We at Dgraph Labs use Github as our VCS. And we have recently migrated our CI/CD setup to Github Actions. This was a huge win for us internally, especially in a startup setting like ours. Our wins were broadly in these 3 areas Compute Costs, Maintenance Efforts & Configuration Time.
With this new setup, we designed & developed Dynamic AutoScaling of Github Runners in house. We are thinking of open-sourcing this project. If there is any interest here - pls do reach out. We were able to save ~87% $$ of our Compute Costs with this setup.
In this article we explain our transition to GitHub Actions for our CI/CD needs at Dgraph Labs Inc. As a part of this effort we have built (in-house) & implemented a new architecture for “Dynamic AutoScaling of GitHub Runners” to power this setup. In the past, our CI/CD was powered by a self-hosted on-prem TeamCity setup - this turned out to be a little difficult to operate & manage in a startup setting like ours. Transitioning to GitHub Actions & implementing our new in-house built “Dynamic AutoScaling of GitHub Runners” - has helped us reduce our Compute Costs, Maintenance Efforts & Configuration Time across our repositories for our CI/CD efforts (with improved security).
have you seen https://github.com/philips-labs/terraform-aws-github-runner ? How does your solution differ?
Terraform module for scalable GitHub action runners on AWS
Hey @Alex Jurkiewicz.. we have actually looked at this, and found it a little expensive & difficult to manage.

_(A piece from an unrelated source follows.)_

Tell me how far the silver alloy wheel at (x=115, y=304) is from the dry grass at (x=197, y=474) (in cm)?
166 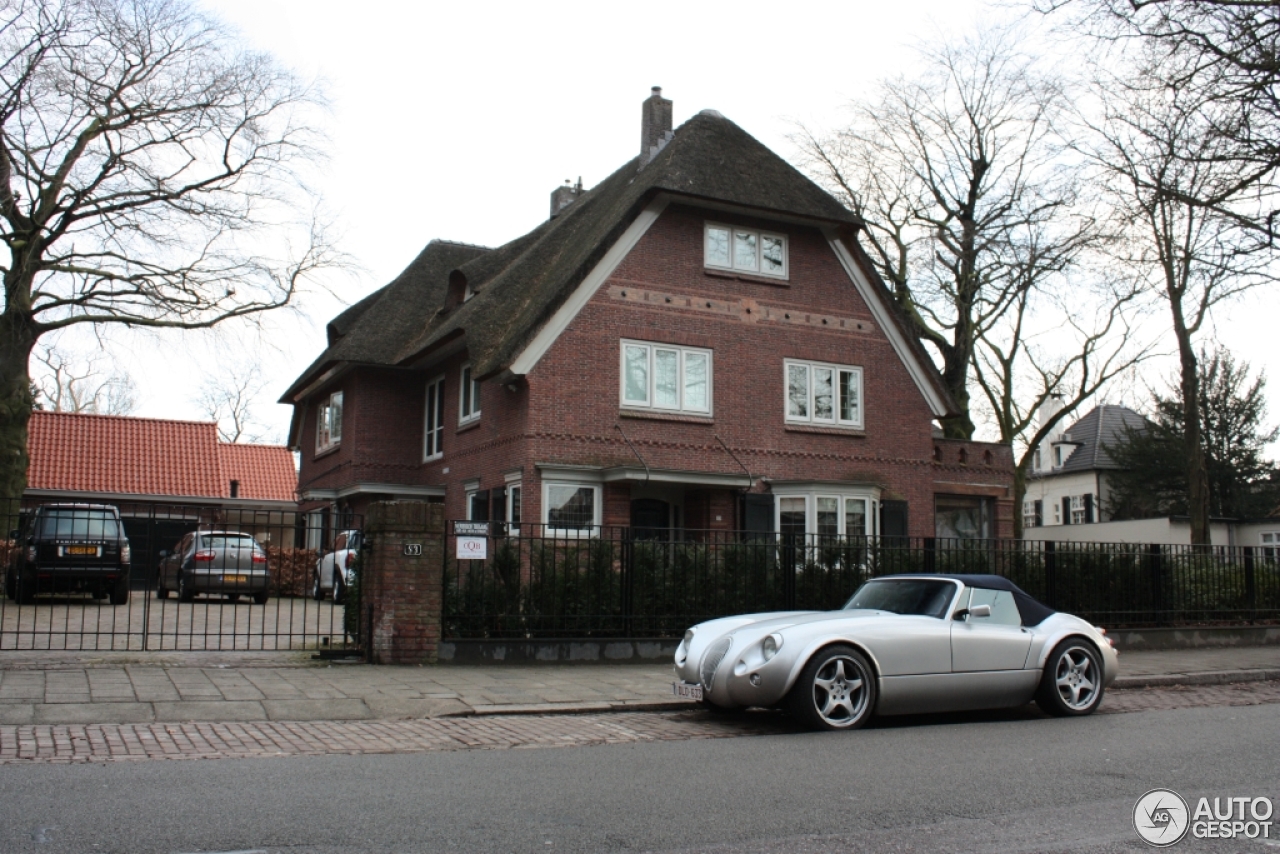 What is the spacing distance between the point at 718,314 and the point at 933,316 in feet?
49.8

Our setup is quite straightforward with minimal components.
I have mentioned this in the blog post
Happy to discuss further if there is interest.

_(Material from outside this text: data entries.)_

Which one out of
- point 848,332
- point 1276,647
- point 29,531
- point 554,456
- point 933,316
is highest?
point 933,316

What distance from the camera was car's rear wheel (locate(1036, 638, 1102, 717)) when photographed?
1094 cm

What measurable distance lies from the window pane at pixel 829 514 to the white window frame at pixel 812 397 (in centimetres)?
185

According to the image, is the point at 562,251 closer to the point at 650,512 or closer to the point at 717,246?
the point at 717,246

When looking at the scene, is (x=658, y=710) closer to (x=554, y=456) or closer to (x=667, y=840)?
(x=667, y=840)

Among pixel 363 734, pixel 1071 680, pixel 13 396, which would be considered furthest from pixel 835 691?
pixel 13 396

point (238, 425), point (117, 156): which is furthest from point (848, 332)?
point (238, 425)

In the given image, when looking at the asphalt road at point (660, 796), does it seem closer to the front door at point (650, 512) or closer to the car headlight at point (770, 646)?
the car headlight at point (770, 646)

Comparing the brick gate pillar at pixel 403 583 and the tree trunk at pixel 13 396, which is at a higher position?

gotcha. I’m not very clear on what you mean by expensive – doesn’t the philips solution scale to zero as well?
The most difficult part with Philips solution is the dependency it has on number of components it uses on AWS. Which is a combination of Lambda’s, SQS, API-Gateway + Compute resources.
The solution that is proposed above is using SSM + Compute resources.

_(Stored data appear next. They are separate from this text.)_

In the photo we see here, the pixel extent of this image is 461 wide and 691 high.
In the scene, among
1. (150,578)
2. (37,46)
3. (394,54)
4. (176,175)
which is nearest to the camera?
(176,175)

The more components we have - the harder it gets to track when one of them fails. This makes the philips solution a little expensive, in terms of maintenance costs & also to some extent w.r.t $ costs as well.
What we aimed for & achieved was a simpler solution.
It’s always great to see new solutions. But I’m with Alex on this one. The Philips module is battle tested for a long time and scales to zero. We been using it for nearly 2 years now and haven’t had to debug it once.
Hey @Soren Jensen thanks for the honest feedback. I understand the hesitation when other products are more battle tested & has had better traction.
We will be open sourcing this setup sometime soon. And I will be happy to share the github link. We would like your feedback. (positive or negative - both are welcome :))
We have battle tested this for ~6months (not as much as philips obviously). Given that we are a database company, our workloads are quite diverse - and it covers most edge cases really well. And handles different kinds of machine type requirements, dynamic scheduling, scaling to 0, smart re-use of a machine (if it’s in the cusp of finish, based on historic times). It has some amount of extra smarts, which are in beta mode. But more room to optimize.